- **Work to complete**:
Give back each line of the data exactly as it reads, minus the pictures.

- **The data**:
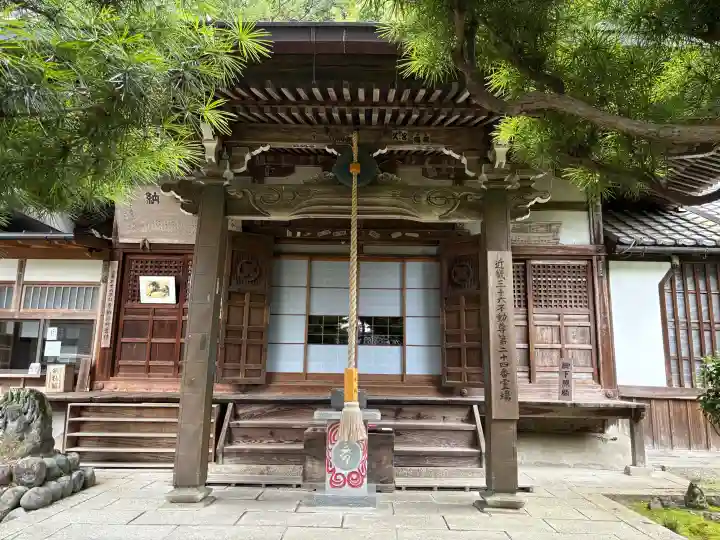 岩屋寺(京都府)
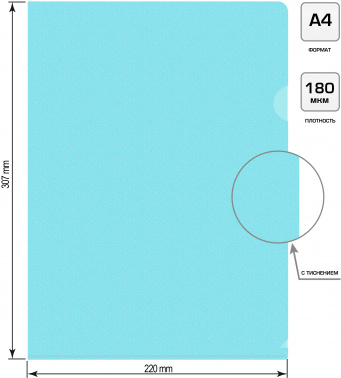Папка-уголок Бюрократ Pastel -EPAST/BLUE A4 пластик 0.18мм голубой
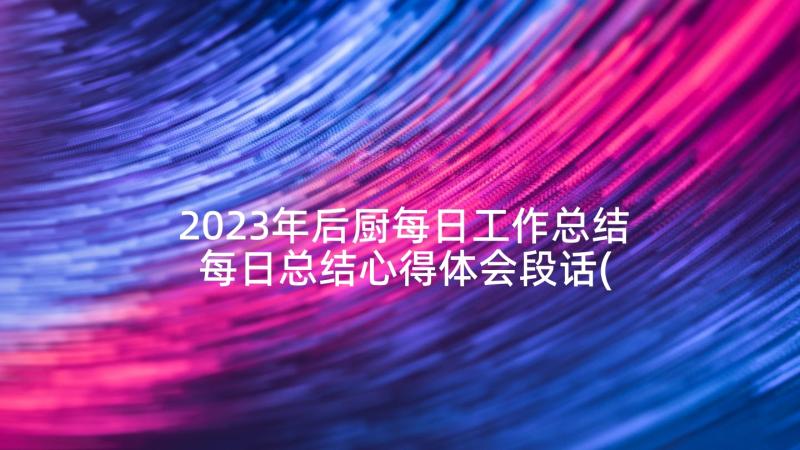 2023年后厨每日工作总结 每日总结心得体会段话(优秀9篇)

- **Answer box**:
 岩屋寺(京都府)
Папка-уголок Бюрократ Pastel -EPAST/BLUE A4 пластик 0.18мм голубой
 2023年后厨每日工作总结 每日总结心得体会段话(优秀9篇)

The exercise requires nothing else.